A new study suggests teens who regularly smoke weed are at greater risk of developing depression and suicidal behaviour in young adulthood.
Scientists at McGill University analyzed 11 international longitudinal studies involving people aged 18 to 32 who smoked weekly or daily when they were 18 or younger.
They found a higher rate of diagnosed depression, suicide ideation and suicide attempts compared to those who didn’t use cannabis in their teens.
Lead author Gabriella Gobbi says the increased individual risk is modest, but the popularity of pot means a large number of young people could be at risk of developing mental-health issues.
Researchers estimate seven per cent of Canadians between the ages of 18 and 30 are diagnosed with depression that could be linked to prior cannabis use, or roughly 25,000 young people. Researchers found even stronger links to suicidal ideation and suicide attempt, but weaker links to anxiety.
WATCH: Effects of marijuana on teen brains
The study consisted of a systematic review and meta-analysis of studies comprising 23,317 individuals. It was done in collaboration with Oxford University and Rutgers University-Camden and published Wednesday in the journal JAMA Psychiatry.

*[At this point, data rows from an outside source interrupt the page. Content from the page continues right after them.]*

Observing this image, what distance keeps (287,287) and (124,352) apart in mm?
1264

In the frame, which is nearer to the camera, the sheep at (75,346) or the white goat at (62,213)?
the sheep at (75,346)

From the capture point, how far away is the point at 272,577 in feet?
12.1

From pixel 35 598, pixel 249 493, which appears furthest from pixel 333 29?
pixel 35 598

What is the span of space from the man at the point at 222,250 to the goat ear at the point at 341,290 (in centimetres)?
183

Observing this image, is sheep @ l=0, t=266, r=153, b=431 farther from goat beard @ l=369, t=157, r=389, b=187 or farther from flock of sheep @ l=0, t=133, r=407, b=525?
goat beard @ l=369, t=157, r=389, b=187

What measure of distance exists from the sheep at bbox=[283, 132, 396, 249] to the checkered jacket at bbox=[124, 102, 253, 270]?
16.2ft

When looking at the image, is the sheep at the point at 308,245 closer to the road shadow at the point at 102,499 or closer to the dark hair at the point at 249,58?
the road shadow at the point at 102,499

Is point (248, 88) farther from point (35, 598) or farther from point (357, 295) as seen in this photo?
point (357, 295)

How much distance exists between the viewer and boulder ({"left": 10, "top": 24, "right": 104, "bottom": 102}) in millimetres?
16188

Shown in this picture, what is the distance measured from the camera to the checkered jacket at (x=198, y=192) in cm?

Gobbi says the findings highlight the need for better education on the risks of marijuana.
“We have to do more prevention, to decrease the amount of young people and adolescents that smoke cannabis,” the McGill psychiatry professor says from Montreal, urging education for teens and parents.
Most provincial laws restrict usage to those 19 and older, but about 27 per cent of Canadians aged 15 to 24 – more than any other age group – used cannabis in the last three months of 2018, according to Statistics Canada.

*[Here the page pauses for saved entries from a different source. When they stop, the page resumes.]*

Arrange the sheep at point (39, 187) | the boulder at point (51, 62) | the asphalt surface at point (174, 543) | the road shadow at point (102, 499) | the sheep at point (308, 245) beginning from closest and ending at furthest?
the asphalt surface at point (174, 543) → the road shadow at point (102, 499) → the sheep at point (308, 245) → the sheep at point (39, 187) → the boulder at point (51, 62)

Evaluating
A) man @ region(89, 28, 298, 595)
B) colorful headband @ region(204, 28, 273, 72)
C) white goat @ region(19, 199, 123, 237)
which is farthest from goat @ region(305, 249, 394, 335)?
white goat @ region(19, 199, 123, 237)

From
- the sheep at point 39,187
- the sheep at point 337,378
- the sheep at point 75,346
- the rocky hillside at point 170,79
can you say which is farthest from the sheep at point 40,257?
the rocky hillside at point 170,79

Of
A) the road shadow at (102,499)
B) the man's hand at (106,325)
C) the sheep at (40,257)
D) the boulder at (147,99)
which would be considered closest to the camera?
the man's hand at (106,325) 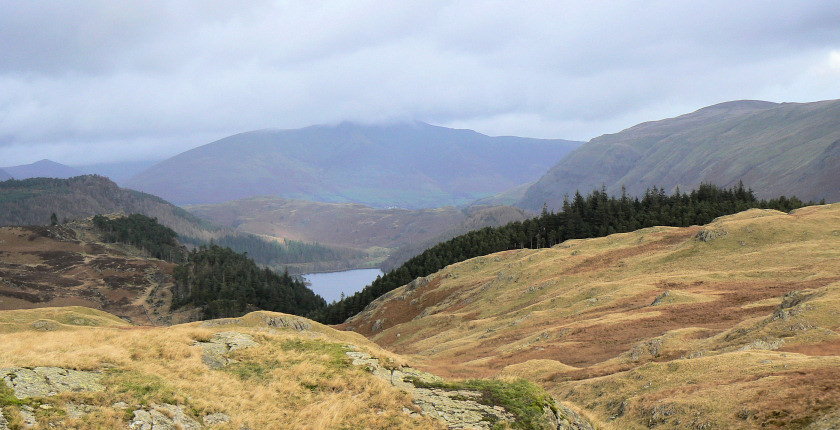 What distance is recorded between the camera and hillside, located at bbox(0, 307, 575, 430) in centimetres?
1602

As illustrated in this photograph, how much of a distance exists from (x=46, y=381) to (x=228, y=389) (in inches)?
236

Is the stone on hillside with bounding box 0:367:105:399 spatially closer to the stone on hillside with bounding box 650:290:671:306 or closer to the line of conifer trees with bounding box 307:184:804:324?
the stone on hillside with bounding box 650:290:671:306

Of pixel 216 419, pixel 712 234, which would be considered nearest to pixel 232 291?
pixel 712 234

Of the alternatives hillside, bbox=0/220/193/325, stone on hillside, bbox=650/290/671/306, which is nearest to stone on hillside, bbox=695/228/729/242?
stone on hillside, bbox=650/290/671/306

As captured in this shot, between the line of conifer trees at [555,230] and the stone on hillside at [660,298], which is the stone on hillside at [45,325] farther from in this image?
the line of conifer trees at [555,230]

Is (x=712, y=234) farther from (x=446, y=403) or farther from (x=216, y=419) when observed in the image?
(x=216, y=419)

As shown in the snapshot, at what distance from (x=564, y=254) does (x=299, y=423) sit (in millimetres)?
77454

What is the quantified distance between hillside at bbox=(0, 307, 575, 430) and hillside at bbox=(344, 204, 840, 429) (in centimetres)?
656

“Since we had legalization, young people continue to smoke as before,” says Gobbi.
“So legalization is not the only response. We need to do more prevention.”

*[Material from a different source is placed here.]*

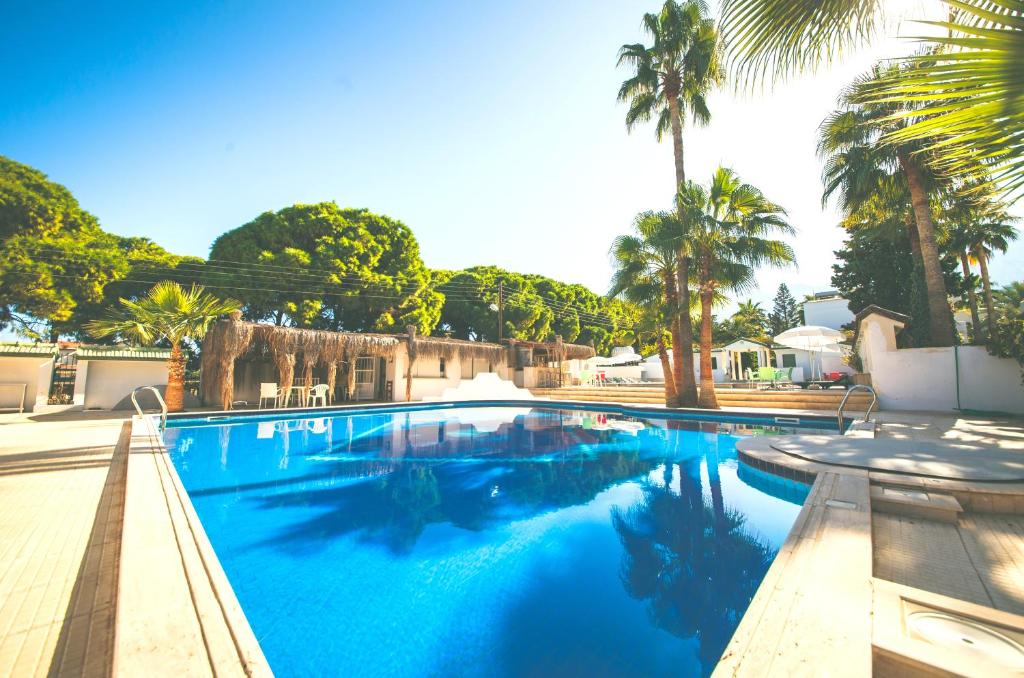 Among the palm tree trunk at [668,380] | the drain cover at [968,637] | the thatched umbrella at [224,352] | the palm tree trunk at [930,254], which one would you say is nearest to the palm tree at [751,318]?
the palm tree trunk at [930,254]

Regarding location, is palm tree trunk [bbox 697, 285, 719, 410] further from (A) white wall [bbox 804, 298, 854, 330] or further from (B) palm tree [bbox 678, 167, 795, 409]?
(A) white wall [bbox 804, 298, 854, 330]

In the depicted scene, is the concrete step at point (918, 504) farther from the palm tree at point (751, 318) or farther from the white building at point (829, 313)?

Gobbi says the studies included were adjusted for any subjects that may have displayed signs of depression or suicidal tendencies before using pot.
She says adolescents are particularly vulnerable because their brain does not fully develop until age 25.
The findings also dispel misconceptions that weekly pot use is harmless, she adds, noting that scientists found it impossible to differentiate degree of risk between weekly use and daily use.
She explains that the psychoactive property in cannabis – tetrahydrocannabinol, or THC – remains in the body “for a long, long time.”
“THC is a lipid so it stays in the brain and in the body for one week or even more – in some individuals until one month. So smoking a joint is not like drinking two or three beers on a Saturday night,” says Gobbi, also a researcher in the Brain Repair and Integrative Neuroscience program at the Research Institute of the McGill University Health Centre.
Gobbi says there are many more questions to explore, noting the research did not consider alternate modes of consuming cannabis such as vaping or edibles.
She also notes the subjects were teens during the 1980s, 1990s, and 2000s, when the amount of THC content was generally relatively low.
“Now we have joints that have 10, 20, 30 per cent, even more content of THC so we don’t know the impact of the cannabis that we have today on mental health. This is something that of course we have to study more.”
Independent specialists asked to comment on the study said its findings were robust and important.
“Among young adults worldwide, depression is the leading cause of disability, and suicide is the most common cause of death,” said Joseph Firth, a specialist at Australia’s Western Sydney University.
By showing cannabis as a contributing factor to both, he said, the study showed the importance of seeking ways to reduce teenage cannabis use.